As a aside - Not using the standard Java Virtual Machine has caused a law suit 
between Oracle and Google on the grounds that if they don’t use the JVM from 
Sun/Oracle they are violating the terms of use.   However Java is supposed to 
be open sourced so most observers think that Oracle is simply trying to get 
some revenue from Android – they are hoping Google will settle with damages in 
order to not hold up Android.   Typical behaviour apparently from Larry Ellison 
who’s motto is “not only does Oracle have to win, everyone else has to lose”

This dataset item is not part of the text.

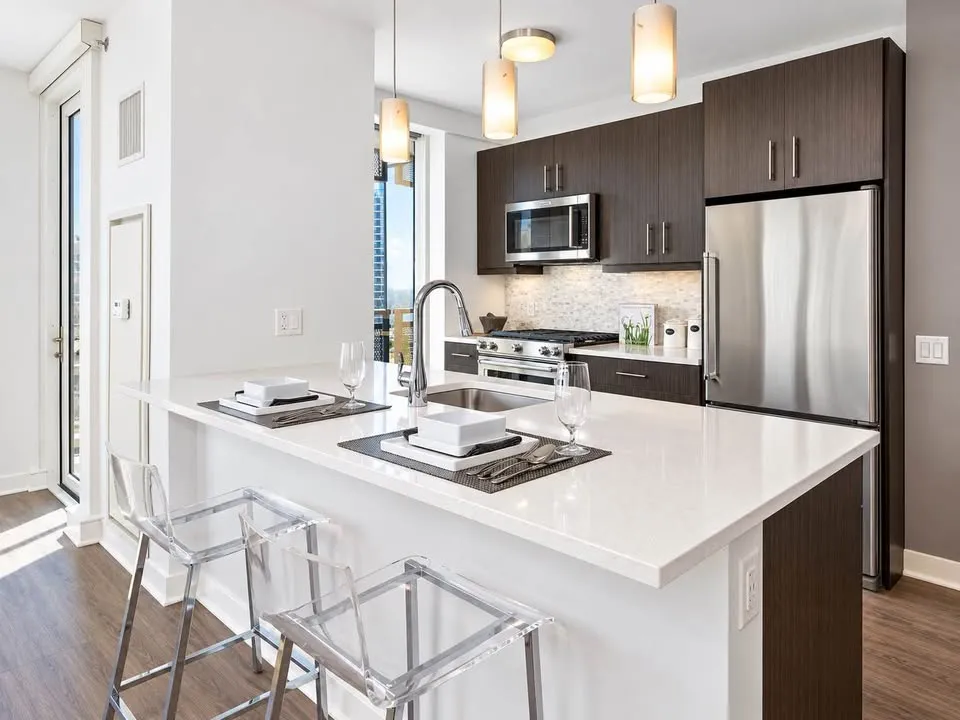 545 N McClurg Ct 60611 60611-Moment-Chicago-IL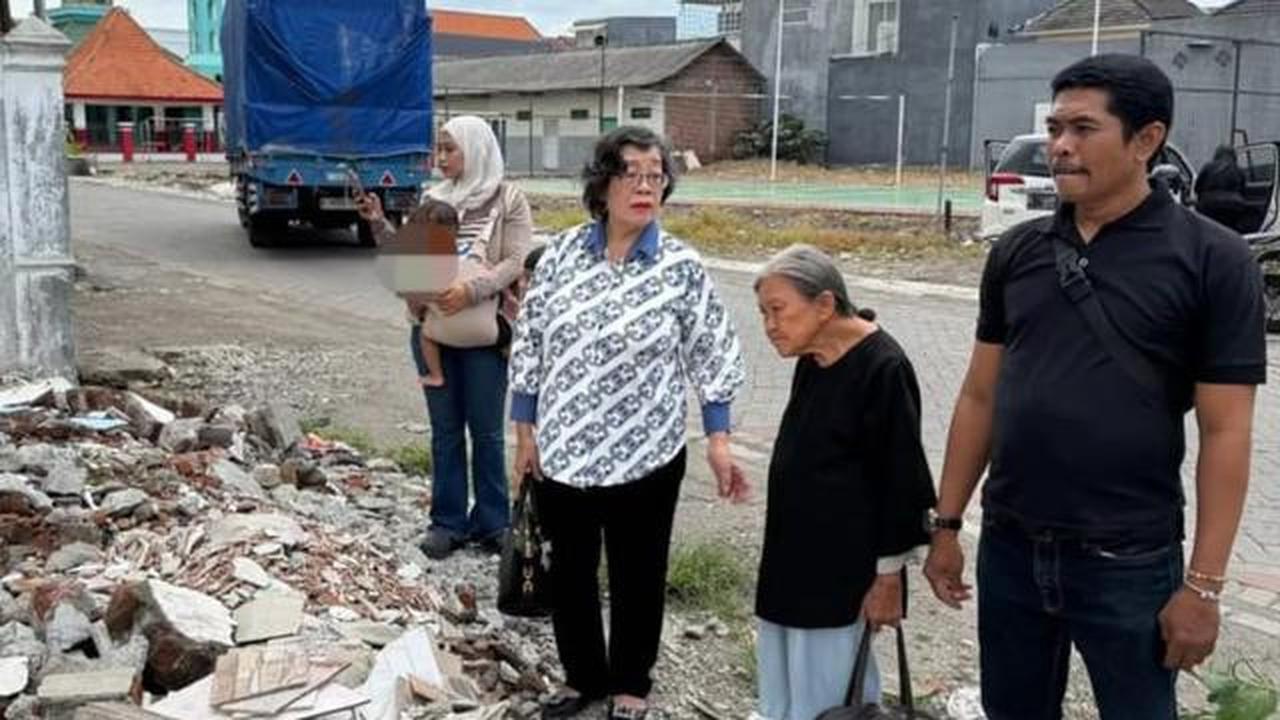 4 Orang Angkat Tangan dan Kaki Saya Terus Dibawa Keluar Rumah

Most commentators think they have as much of a case as SCO suing Novell over 
ownership of parts of linux, or Microsoft suing linux users over supposed and 
unspecified intellectual property thefts – ie the chance of a snowball in a 
very hot place, and that Google did carefully write their Dalvik as a clean 
room version – ie they didn’t use JVM code.   Anyway Google shrewdly is not 
making any money from selling Android anyway – it gives it away – it makes ifs 
money from the services running on Android.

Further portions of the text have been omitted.